By Afe Babalola
Last week I began an examination of the problems which have adversely affected the smooth operation of Local Governments in Nigeria and how they have as a result been unable to serve the purpose of bringing government close to the people. I stated how such problems led to the recommendation of the last Constitutional Conference for a removal of the 774 Local governments from the Constitution. The recommendation attracted much debate and opposition most notably from the Nigerian Union of Local Government Employees which staged a protest march on the National Judicial Institute, the venue of the Conference. Members of the Union expressed a fear for the loss of their jobs and means of livelihood amongst others.
Previous attemipt atfinding perfect structure for local government
Without a doubt, questions relating to the structure, operation, stability and effectiveness of local governments in Nigeria have for long, right from the colonial period, to the 70s and up to 1999 been recurring ones. In recognition of the fact that local governments are the closest to the people and by their nature are most capable of affecting the lives of the citizenry numerous attempts have been made to come up with a perfect set up for local government administration. The British colonial government came up with the indirect rule system whereby traditional rulers had a say in administration at the local government level. However, the reforms of 1976 and the Constitution of 1979 brought in a new system without any role for traditional rulers. Subsequent upheavals in the system led to the decision of the Buhari administration to reduce the number from 770 to 301 approved by the Constitution. Still faced with inadequacies in the system, the Federal Government set up a review committee headed by Alhaji Ibrahim Dasuki, which Committee found that the problems troubling the system were more as a result of the attitude of those charged with the its operations rather than the system itself.
Decades after, the observations of the Dasuki Committee still ring true. Many local governments today are regarded more or less as the appendages of state governments. Funds which should go to the local governments are normally diverted by state government under the guise of the Joint State-Local Government Account. To make matters worse, those charged with the running of affairs of the local government now see themselves as lords answerable to no one and treat funds which do get to the local governments as their private property. Most of them earn outrageous salaries designed to drain the finances of the councils. It is both wasteful and uncalled for. And I ask; on what basis should the councilors be sitting as parliamentarians, collecting salaries, emoluments, allowances, constituency allowances and all manner of perquisites of office? Without mincing words, Nigeria cannot afford this expensive arrangement given our limited resources and the widespread poverty in the land.
What is being paid currently by Nigeria is enormous as everything under local administration is at a standstill. Nothing is just moving. All the earnings and allocations are being expended on salaries, allowances and emoluments without any visible project or developmental structure on ground to affect the lives of the ordinary man positively.
In organized climes across the globe, councilors (or their equivalents)serve on part-time basis with periodic sittings. Not only that, professionals and seasoned retired administrators and captains of industry willingly participate in local administration as they see service at this level as a golden opportunity to serve and affect positively the lives of the people at the grassroots.

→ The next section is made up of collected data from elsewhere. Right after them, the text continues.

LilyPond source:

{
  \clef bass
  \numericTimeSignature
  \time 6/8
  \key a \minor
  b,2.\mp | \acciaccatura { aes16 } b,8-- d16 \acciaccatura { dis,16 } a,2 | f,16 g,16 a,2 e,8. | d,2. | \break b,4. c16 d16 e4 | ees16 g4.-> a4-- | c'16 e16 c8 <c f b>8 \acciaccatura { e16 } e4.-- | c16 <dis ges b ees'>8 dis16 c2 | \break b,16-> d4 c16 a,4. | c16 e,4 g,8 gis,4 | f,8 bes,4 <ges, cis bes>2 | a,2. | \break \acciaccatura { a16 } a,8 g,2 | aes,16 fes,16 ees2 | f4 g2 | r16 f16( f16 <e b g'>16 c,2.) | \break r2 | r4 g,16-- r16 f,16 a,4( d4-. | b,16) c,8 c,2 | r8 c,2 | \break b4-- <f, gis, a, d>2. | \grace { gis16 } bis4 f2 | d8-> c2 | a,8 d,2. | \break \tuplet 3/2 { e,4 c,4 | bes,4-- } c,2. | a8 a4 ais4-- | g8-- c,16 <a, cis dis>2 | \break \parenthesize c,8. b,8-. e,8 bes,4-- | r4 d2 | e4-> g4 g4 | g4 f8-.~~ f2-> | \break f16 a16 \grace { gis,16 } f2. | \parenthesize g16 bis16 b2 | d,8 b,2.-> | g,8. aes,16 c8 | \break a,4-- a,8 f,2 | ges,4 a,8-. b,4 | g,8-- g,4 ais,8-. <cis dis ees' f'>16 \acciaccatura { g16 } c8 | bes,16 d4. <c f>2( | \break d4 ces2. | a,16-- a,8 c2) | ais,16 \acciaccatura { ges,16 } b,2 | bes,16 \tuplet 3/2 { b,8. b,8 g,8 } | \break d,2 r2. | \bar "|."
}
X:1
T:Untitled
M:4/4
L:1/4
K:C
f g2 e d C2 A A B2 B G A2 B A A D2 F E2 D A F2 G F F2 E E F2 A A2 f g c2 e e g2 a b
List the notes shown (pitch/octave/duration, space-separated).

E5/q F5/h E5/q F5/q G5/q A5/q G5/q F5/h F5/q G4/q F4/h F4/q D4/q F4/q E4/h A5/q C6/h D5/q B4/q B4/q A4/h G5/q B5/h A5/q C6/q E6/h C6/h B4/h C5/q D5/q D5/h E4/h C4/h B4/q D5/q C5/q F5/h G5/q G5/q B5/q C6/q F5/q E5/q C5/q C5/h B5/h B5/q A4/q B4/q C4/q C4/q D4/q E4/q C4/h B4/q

Apart from serving on part-time basis, these professionals on local administration sit at week-ends and mostly without remunerations! And where remunerations are paid, they are only in respect of sitting allowances without more! The simple lesson for us to learn from the aforesaid procedure is that these people derive joy in serving their people in the real sense of it and without any string attached. What stops us from adopting the same method?
Blanket removal of local governments is not the solution
I do not believe in the blanket removal of local government or their subjugation to state government. If a state could not perform its own duties, what hope is there that it will be able to take on the added responsibilities meant for local governments? Further if states could show so much disdain to the local governments even at this time when they still enjoy some form of protection by reason of their being listed in the Constitution, what hope is there that they will not be subjected to further abuse when they are left entirely to the mercy of state governments?
Introduction of zero party system to elections at local government level
I suggest reforms starting from the manner in which persons are elected to serve on local government councils. I suggest that election to local councils should no longer be on political party basis but strictly on zero party. I make this recommendation taking into cognizance Nigeria’s peculiar situation coupled with our pronounced underdevelopment and poverty-stricken grassroots. We would recollect that in 1976/77, Nigeria experimented something similar during the military regime of General Olusegun Obasanjo. It was a glorious era in the annals of local government administration in this country as considerable progress was made in terms of visible achievements that touched the lives of the grassroots. At that time election to Local Government Councils was based on zero party system. Educated, experienced and patriotic citizens were elected on zero party system. They were paid sitting allowances,
In fact many worked without collecting any sitting allowance. Indeed the current economic realities coupled with the huge cost of governance at all levels make it imperative that such a system be given a trial again. What is more, having the elections on a zero party system will ensure that candidates will be drawn from the locality in which they seek election. It cannot but be so as it will be difficult for a person from outside the locality to win the votes of the residents of the particular local government. This will bring into office persons who are conversant with the needs of their local governments and who have a higher incentive to serve in an area in which they are known as opposed to the current system whereby a person who has hardly ever lived in a local government is sponsored by a party either as a sort of reward or for past favours done to a political godfather or in anticipation of receiving a share of looted funds from the treasury of the local government.